Work task
Nothing but the lines below from the one that contains "2021大气新征程再出发公司年终工作总结报告企业年会PPT模板" through the one that contains "闲鱼二手汽车配件 原装进口拆车" should be retyped, exactly and including both ends. Do not include pictures.

Data supplied
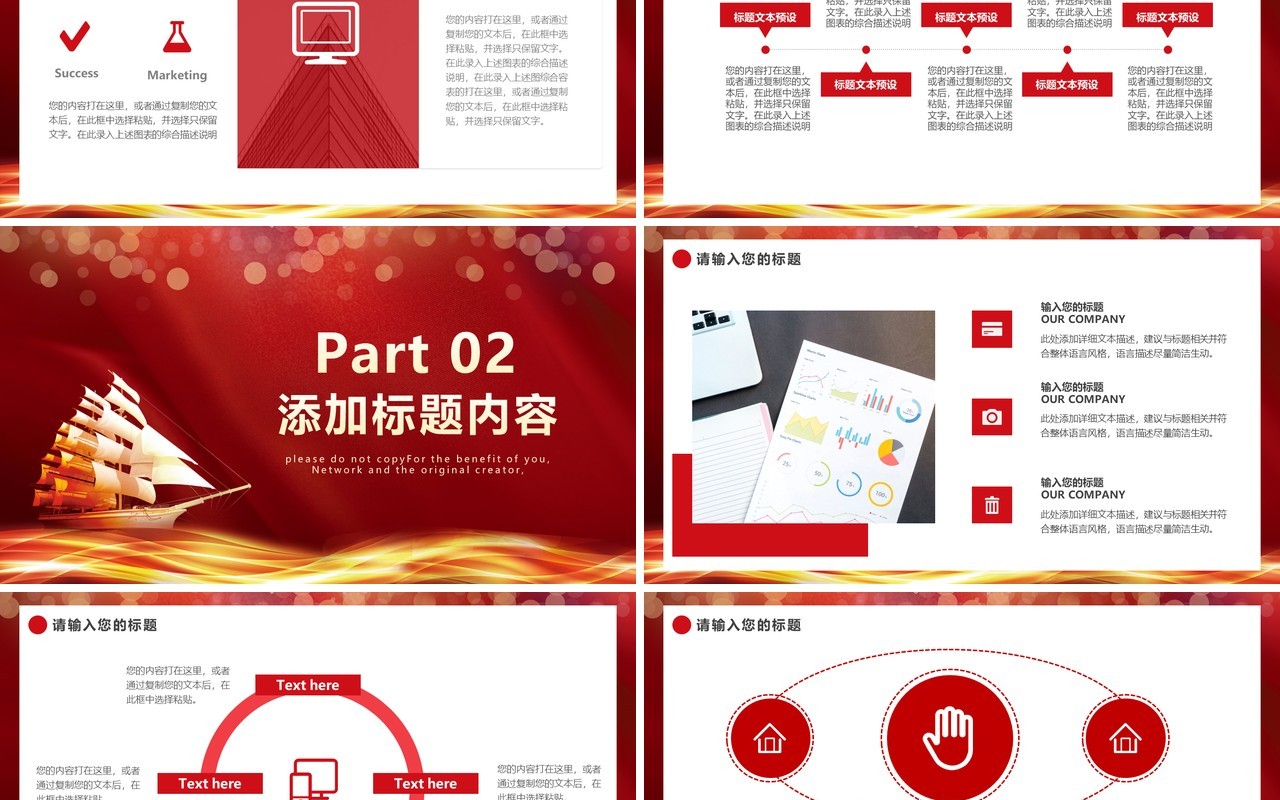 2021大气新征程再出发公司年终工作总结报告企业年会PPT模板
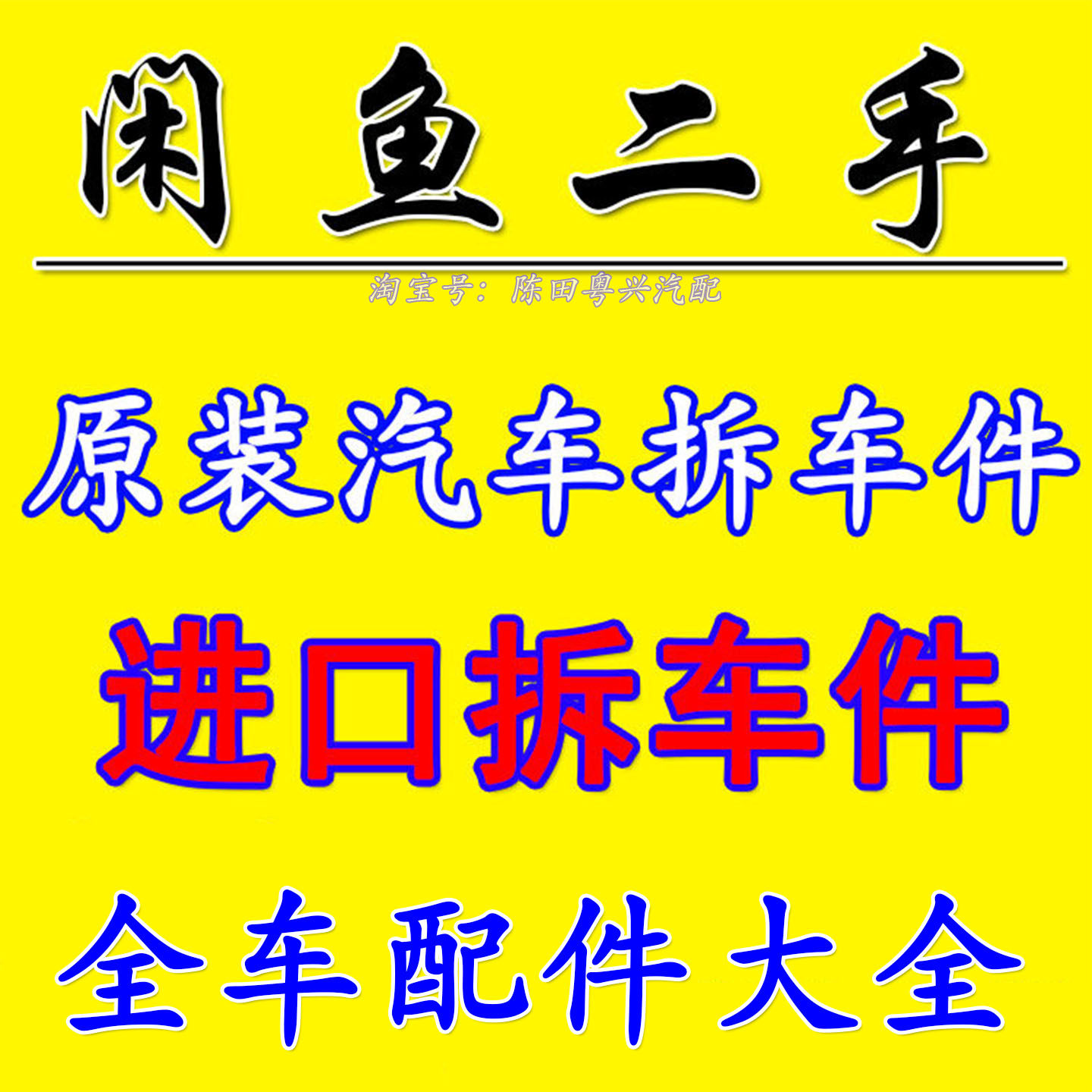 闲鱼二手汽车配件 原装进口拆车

==

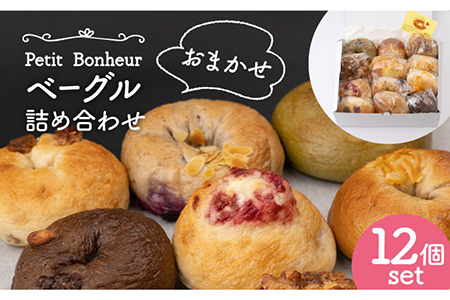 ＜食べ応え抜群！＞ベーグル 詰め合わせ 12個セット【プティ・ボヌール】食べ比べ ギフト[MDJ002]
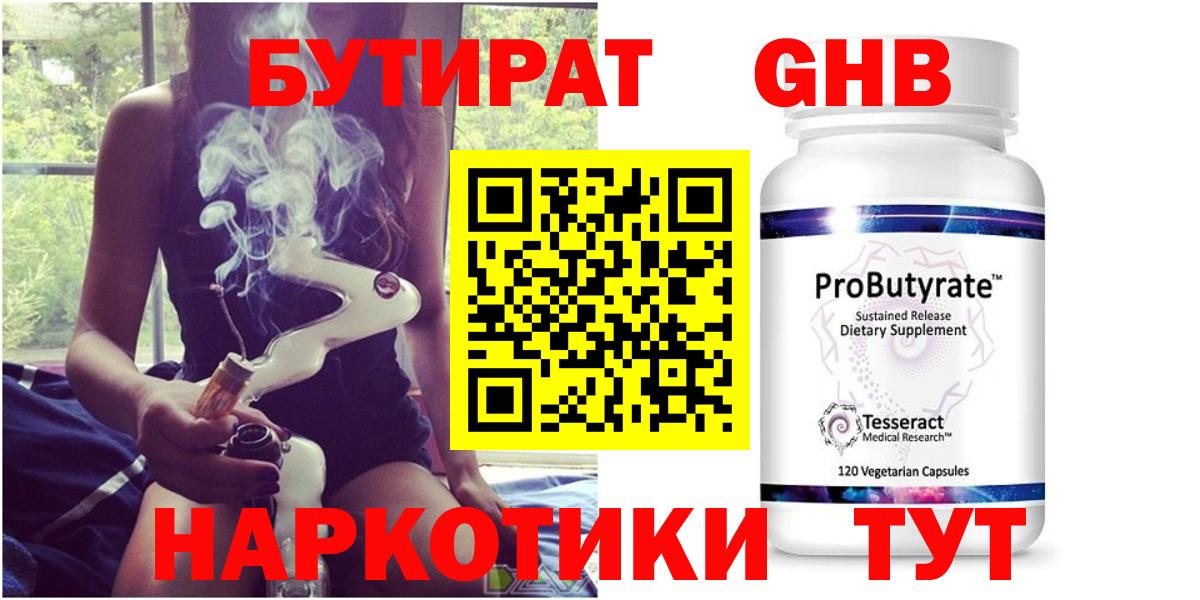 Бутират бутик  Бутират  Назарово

--

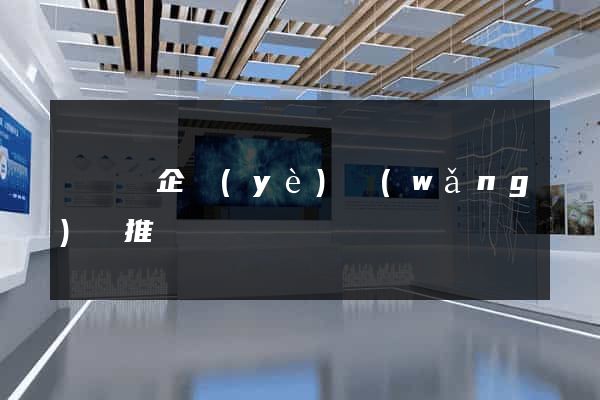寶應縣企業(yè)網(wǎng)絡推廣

Answer to the problem
 2021大气新征程再出发公司年终工作总结报告企业年会PPT模板
 闲鱼二手汽车配件 原装进口拆车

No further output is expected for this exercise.